View and run Script One by downloading it.

Script Two

This script is the sum of multiple previous scripts from which the best scripting-solutions have remained and the broken or ugly (yes, we are judgemental) bits have been thrown away. The output of the original scripts was meant to help us get a more detailed look into the spread of Humanities front page articles viewed over different kinds of time-periods.

When writing the script we where still under the impression that only articles that had "The New York Times" as source where actually published in the NYT. Now we know this is not the case, as New York Times sometimes (re)publishes articles written by other news agencies. We've kept NYT as a selected in the script though, since we value originality but more importantly, it is one of the 'scars' that shows our learning curve. In the end, the script now shows:

Percentage of Humanities articles on the front page of The New York Times per decade
Average percentage of Humanities articles on the front page of The New York Times per month
Average percentage of Humanities articles on the front page of The New York Times per day of the month.

Although the graphs appear to show some interesting things; May and October aren't popular humanity-months (1), the 10th and 15th of each month seem a bad time to publish a Humanities article if it is your goal to reach the front page (2), it is hard to say that any of these differences are valid and significant.
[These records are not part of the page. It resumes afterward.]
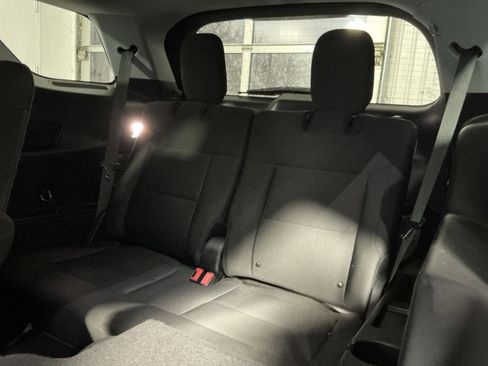 Used 2021 Ford Explorer XLT image 31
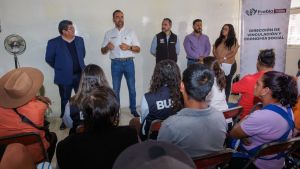 Capacita Gobierno de la Ciudad a locatarios de mercados municipales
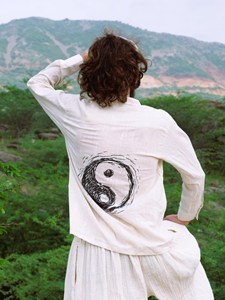 Chemise Kurta en coton biologique pour homme, chemise en coton Khadi écologique et respirante, pour la méditation et les occasions décontractées, vêtements de plage d'été - Product Image 2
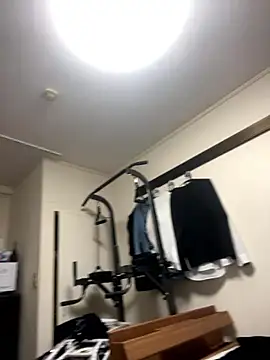 YU-KI00 online show from November 2025 10:37:01 AM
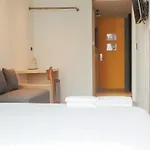 Sleep Box Sukhumvit 22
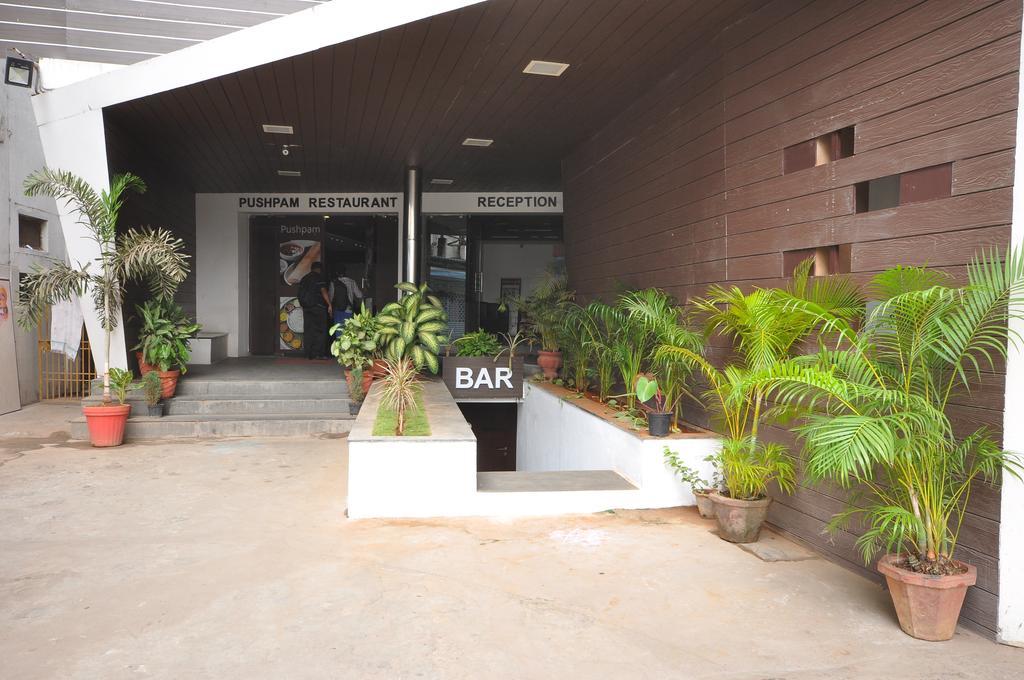 Vijey Hotels Tiruchirappalli Exterior foto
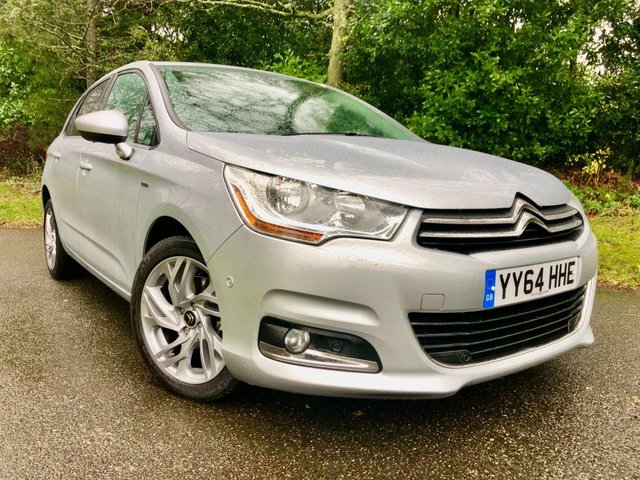 2015 64 Citroen C4 1.6 THP EXCLUSIVE ETG6 5d AUTO 154 BHP SUPPLIED BY US NEW //1 RETIRED DR OWNER //ONLY 24,000 MILES //TOP SPECIFICATION//1/2 LEATHER HEATED SEATS//ELECTRIC FOLDING MIRRORS//FRONT/REAR PARKING SENSORS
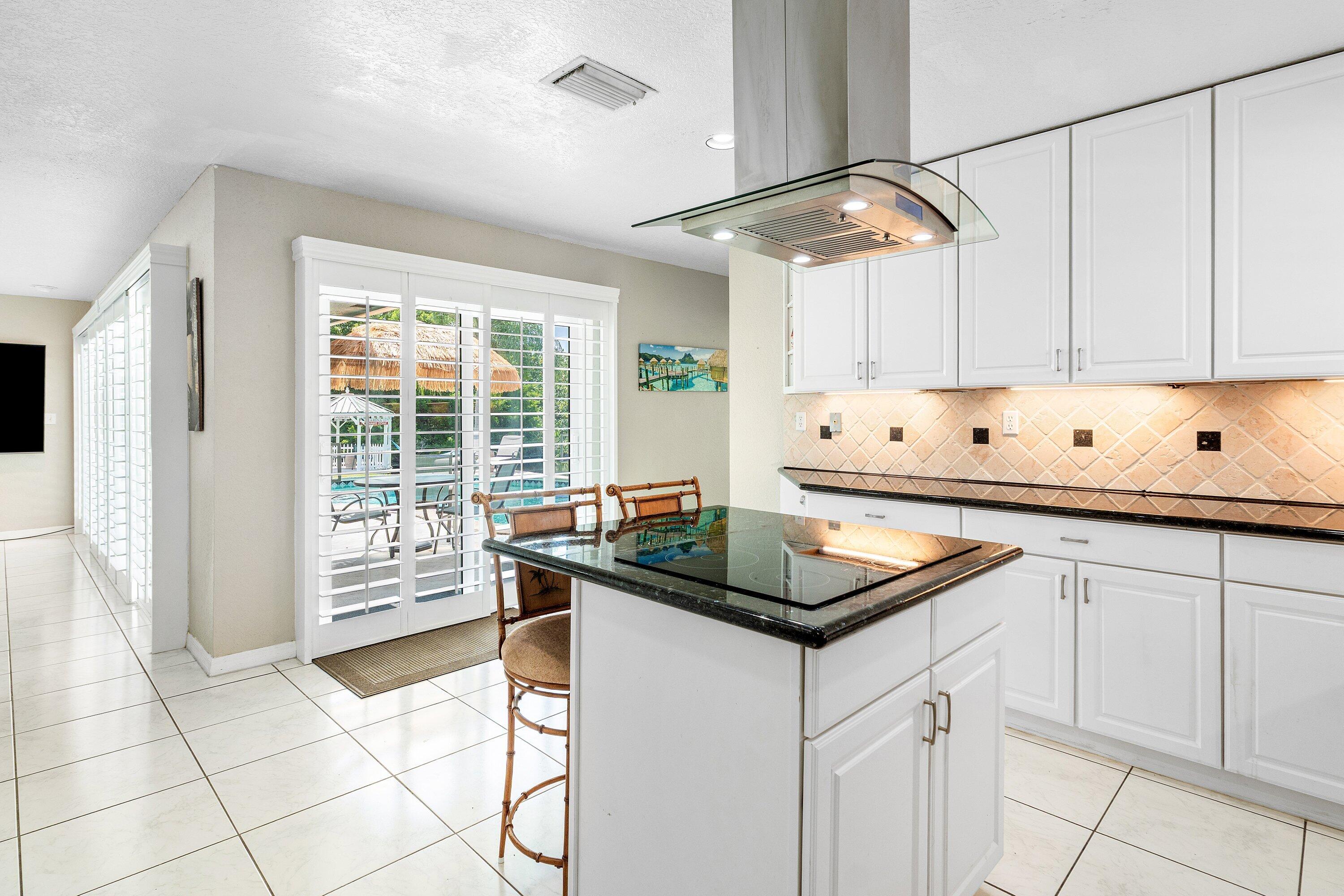 598 West Palmetto Park Road Boca Raton, FL 33486 - Photo 13 of 46 012-598WestPalmettoParkRoad-BocaRaton-FL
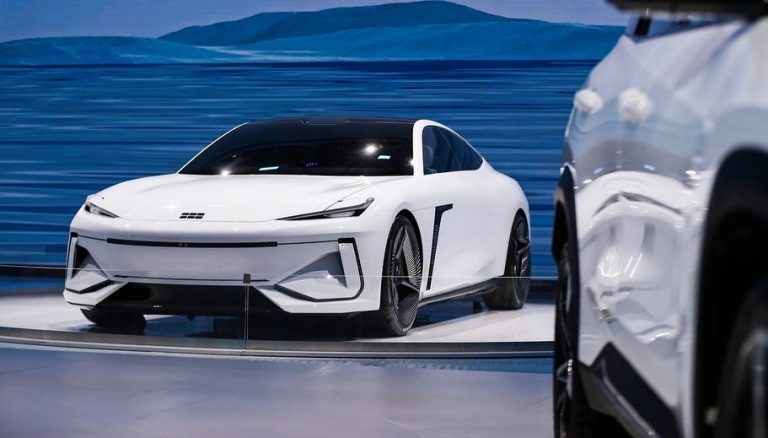 Geely revela sus atrevidas cartas de cara a 2025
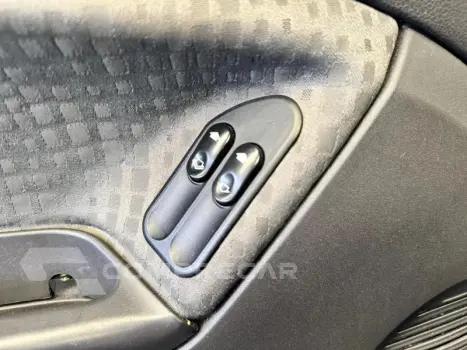 FIESTA 1.6 SE SEDAN 8V FLEX 4P MANUAL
The most eye-catching results are the high percentages of front-page articles during the 1850's and 1870's (graph 1) can easily be discredited once we look at the low amount of articles published in total during those decades. In short, we still need to spend more time on interpreting our results.

View and run Script Two by downloading it.

Script Seven

This scripts extracts the total amount of articles and front-page of 2 free-to-choose articles directly from the API. The scripts however, stops working after the 1980's since the data-field which houses the front-page indication is then shifted. Since the new data-field is ridiculously parsed as a string by the API, the API won't allow us to do a valid search. Therefor, the entire dataset from the two queries is downloaded into .JSON files and searched with some help of JQ.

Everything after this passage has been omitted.